* **Directions for this task**: Beginning at the line that contains "Shell på sand", reproduce the entries below exactly, ending with the line that contains "Appartement, 49,78 m²". Omit each picture.

* **Given entries**:
* * * * * * * * *

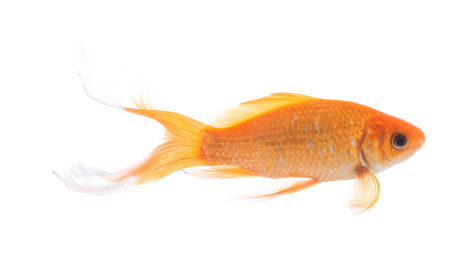 Photo of Beautiful bright small goldfish isolated on white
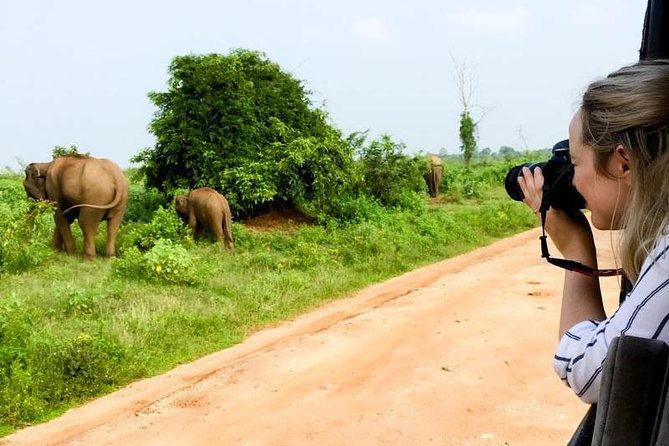 Udawalawe Safari Day Trip from South Region & Transfer to Ella - Who this tour fits best (and who might want another option)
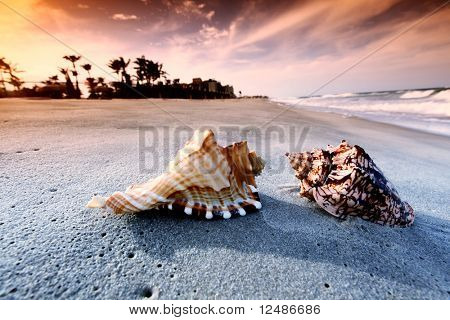 Shell på sand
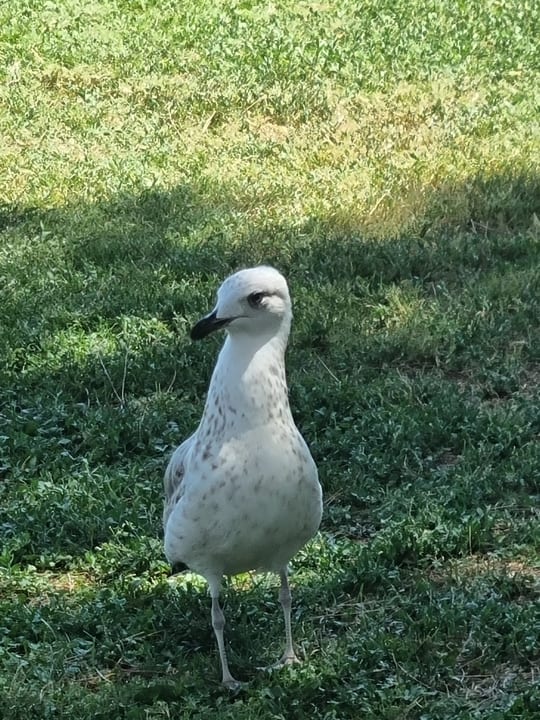 Gartenanlage TUI MAGIC LIFE Beldibi +16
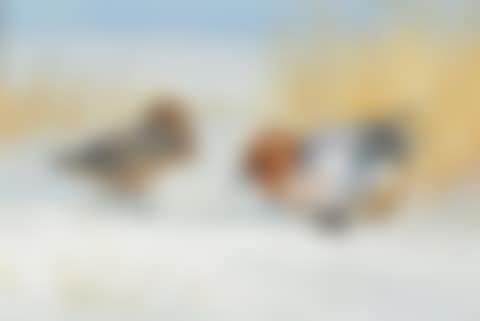 Widgeon on the frozen loch (preview)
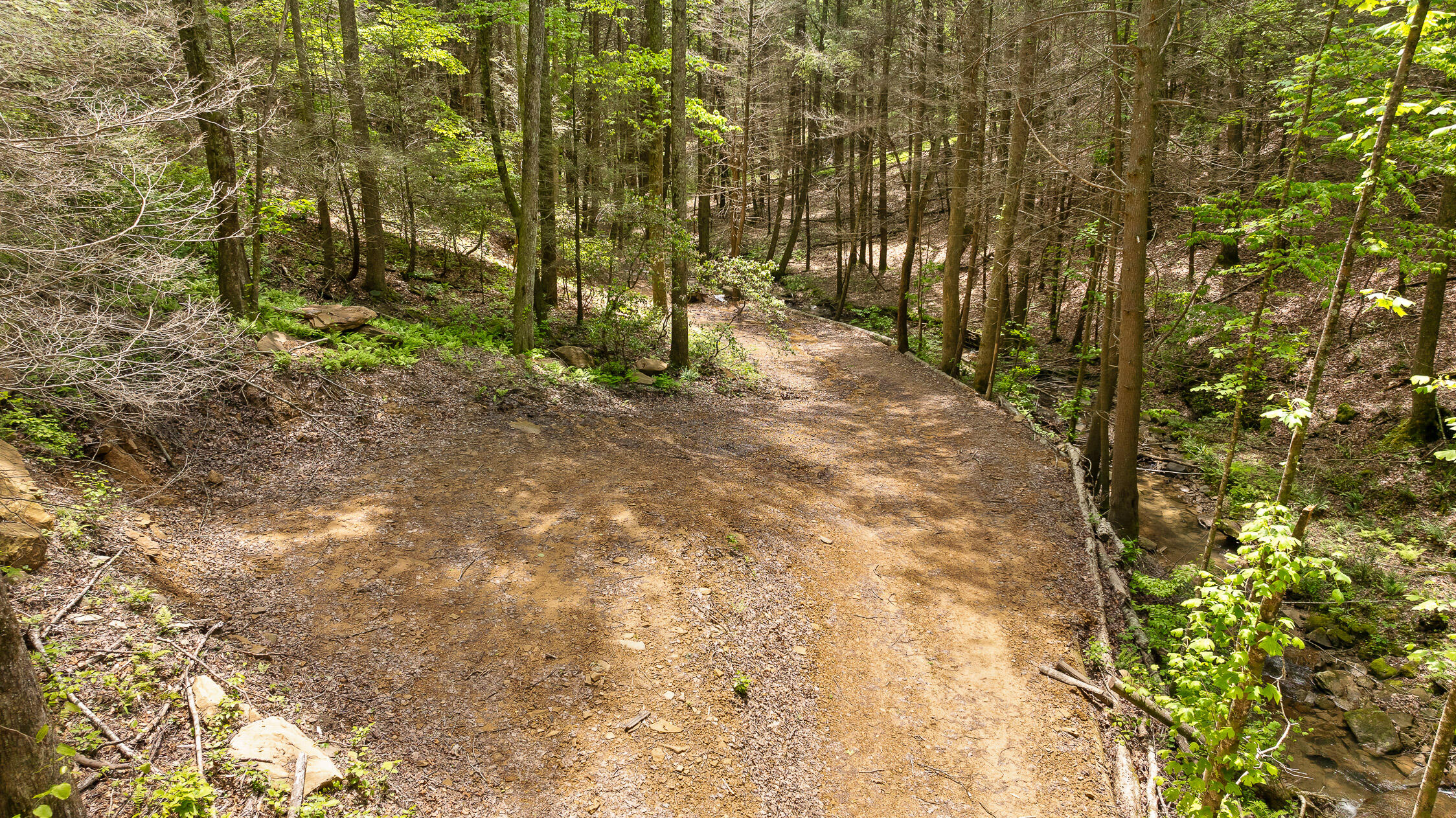 Dandy Road #LOT 13  14, Signal Mountain, Tennessee image 24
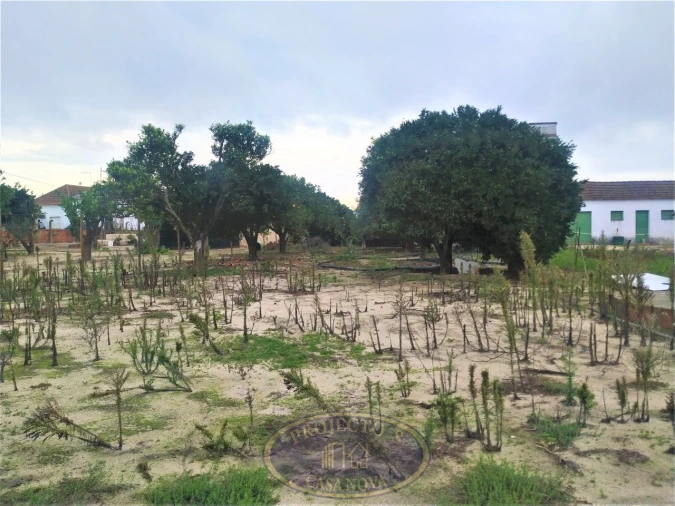 Terreno para Venda em Atalaia e Alto Estanqueiro-Jardia Foto 15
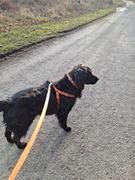 RYAN LONDON Leather Dog Harness - Avocaod Green Review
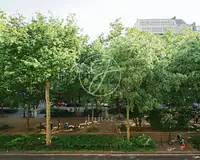 Appartement, 49,78 m²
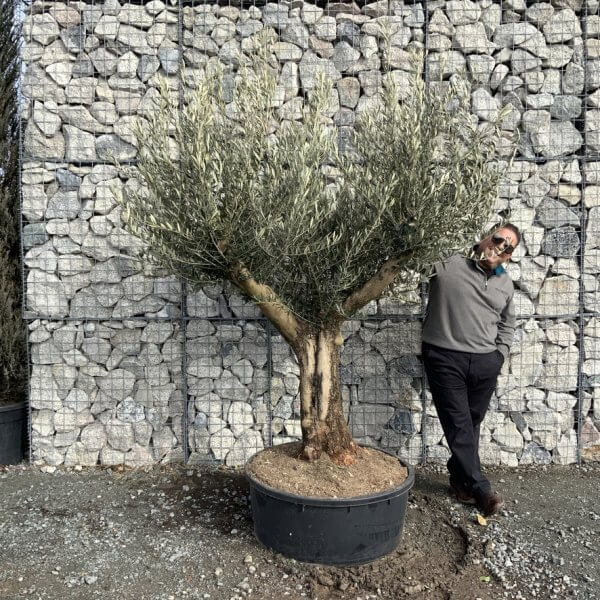 Gnarled Olive Tree Multi Thick Stem XXXL (Low Bowl) G180 - 7A6EAA2F 0BC9 45C9 B77F F1CCA90FEB50 1 105 c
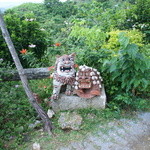 花人逢 - 庭のシーサー１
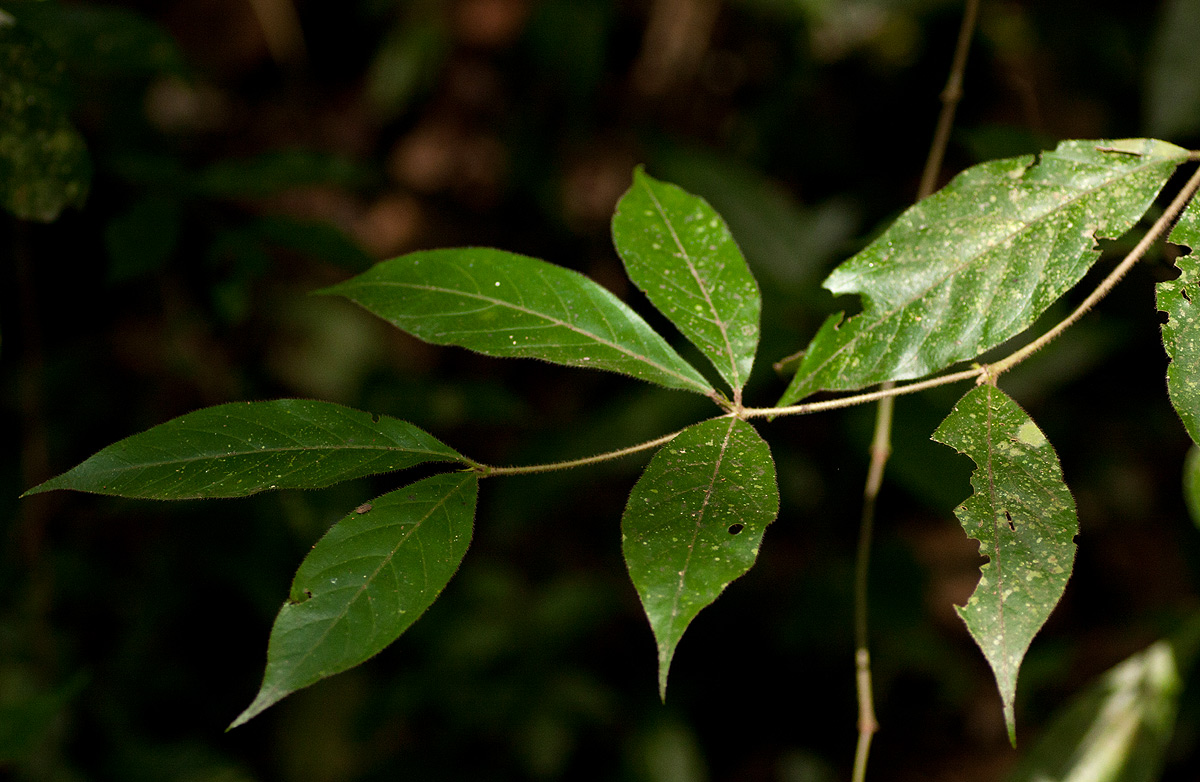 Rothmannia urcelliformis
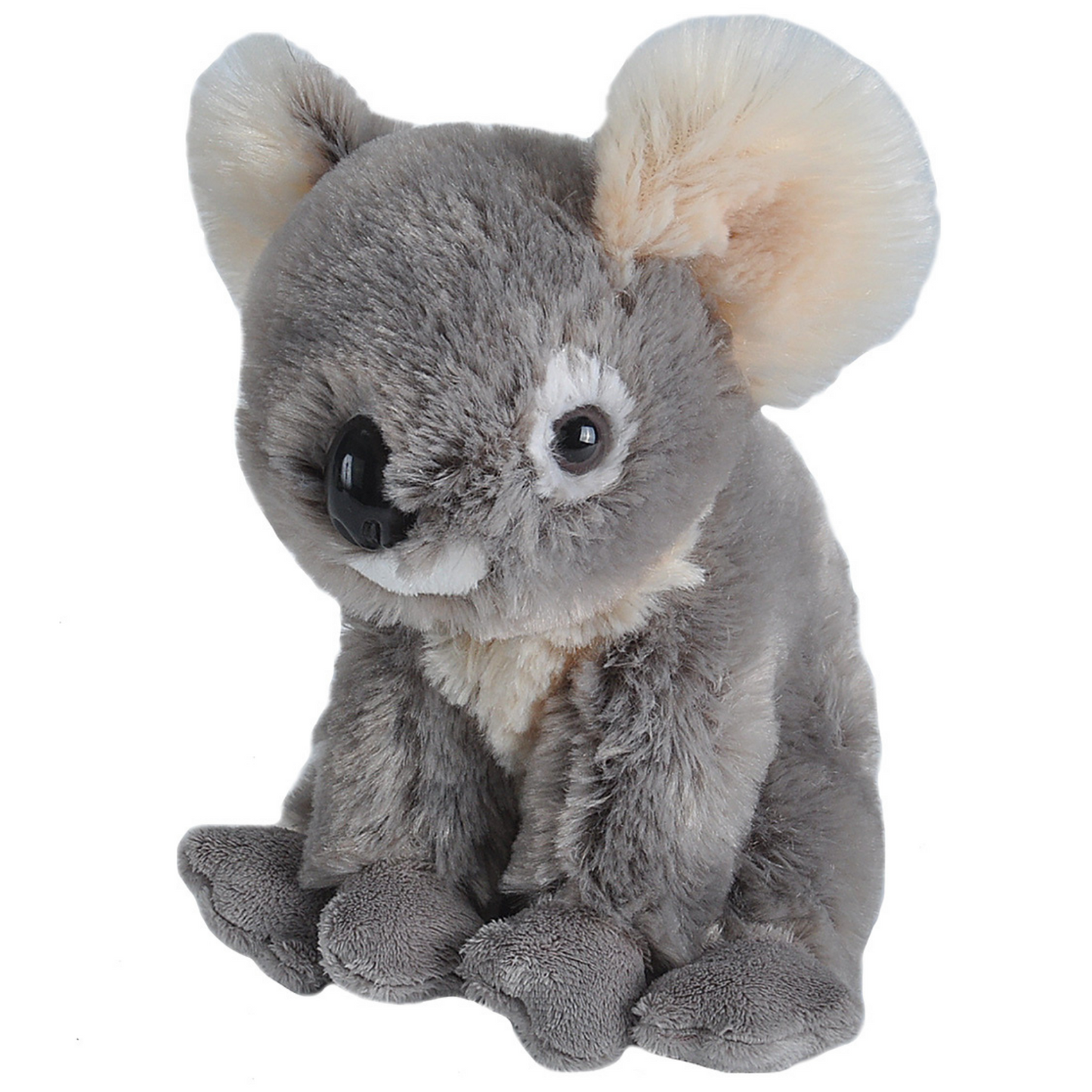 Cuddlekins Mini Koala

* * * * * * * * *

* **Solution to this problem**:
 Shell på sand
 Gartenanlage TUI MAGIC LIFE Beldibi +16
 Widgeon on the frozen loch (preview)
 Dandy Road #LOT 13  14, Signal Mountain, Tennessee image 24
 Terreno para Venda em Atalaia e Alto Estanqueiro-Jardia Foto 15
 RYAN LONDON Leather Dog Harness - Avocaod Green Review
 Appartement, 49,78 m²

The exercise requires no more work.